On July 31, 1766, he wrote to the President of the Council, Patrice François de Nény (1716–1784) in Brussels, whose acquaintance he had previously made in London and whose brother Corneille Neny (1718–1776) was Maria Theresa's secret cabinet secretary in Vienna, a letter about the political situation, about the views of the newly appointed British ministry and about the dangers that could arise for Austria if she were to exchange her alliance with France for that with England. By chance, Count Johann Karl Philipp, Count Cobenzl , treasurer and plenipotentiary minister of state for whom Karl Alexander von Lorraine was governor in the Austrian Netherlands , received the letter. Because he suspected that Taube would presume to take a position in his low position that he was not entitled to, he forwarded the letter to State Chancellor Wenzel Anton von Kaunitz-Rietberg . The State Chancellor agreed with Cobenzl, but because the letter was addressed to an Austrian civil servant and not a stranger, he did not see Taube as a "perjurer". The State Chancellor turned to Ambassador Seilern and informed him that Taube's act was criminal because he had written the letter without prior knowledge or instructions from the Ambassador and, so that the incident would not repeat itself, Taube to voluntarily return to Austria should be moved.
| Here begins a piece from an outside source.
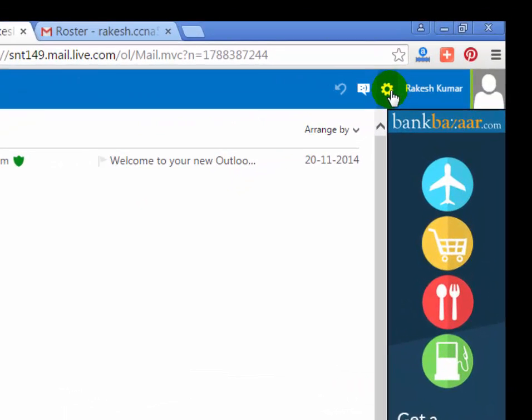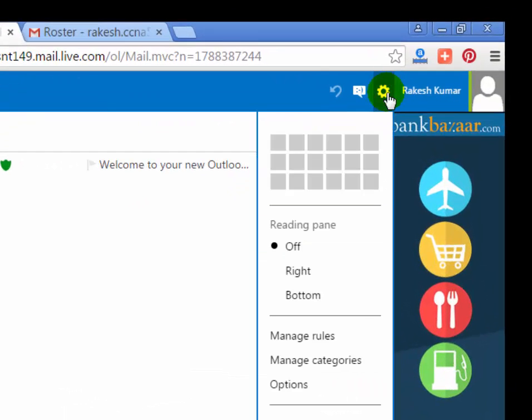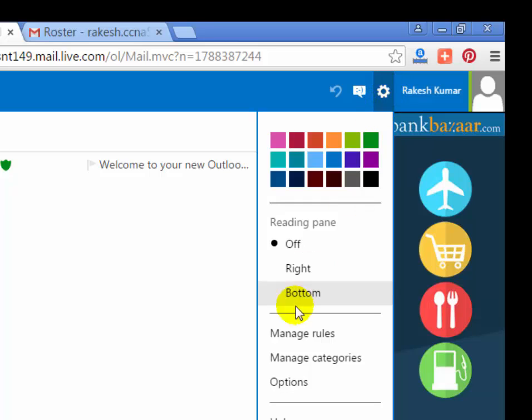Now click on setting menu near username and then click on options.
When he arrived in Vienna on November 8th, 1766, he had a recommendation from the ambassador, from which it emerged that he had not been guided by "bad will" and that he had a "good and honest disposition", and that the ambassador recommended indulgent treatment. As a result, Taube, who was previously in a private employment relationship, got a state job and was appointed court secretary to the imperial court commerce council, which was responsible for economic administration.

In 1776 the Court Commerce Council was abolished and then Emperor Joseph II used Taube in difficult political missions in Transylvania and Slavonia , where he enforced the new regulations in the Synod of the Serbian Orthodox Church in Karlowitz ; later he was sent to the Timisoara Banat and Belgrade .

In March 1777 he was appointed to the council of the Lower Austrian provincial government; on April 25, 1777 he was raised to the Austrian knighthood .

Writing

Friedrich Wilhelm von Taube published his first work on the supposed contradictions between civil and natural law in 1747.

He published various writings, among other things on the history and the state of shipping at that time, the manufactories and the institutions of England relating to the colonies; in addition he published various articles in the magazine for historiography and geography by Anton Friedrich Büsching , with whom he was also close friends. After attending the Synod in Karlowitz, he wrote his perceptions during the trip in a script in which he presented a historical and geographical description of the Kingdom of Slavonia - a source work that is still accessed today.

Fonts (selection)

literature

Individual evidence

  1. Holzhausen in the old days | Part 3 - Holzhauser live! Retrieved April 7, 2020 .
  2. ^ New general German nobility lexicon in association with several historians . Voigt, 1870 ( google.de [accessed April 9, 2020]).
  3. ^ Barbara Schmidt-Haberkamp: Europe and Turkey in the 18th century . V&R unipress GmbH, 2011, ISBN 978-3-89971-795-2 ( google.de [accessed April 8, 2020]).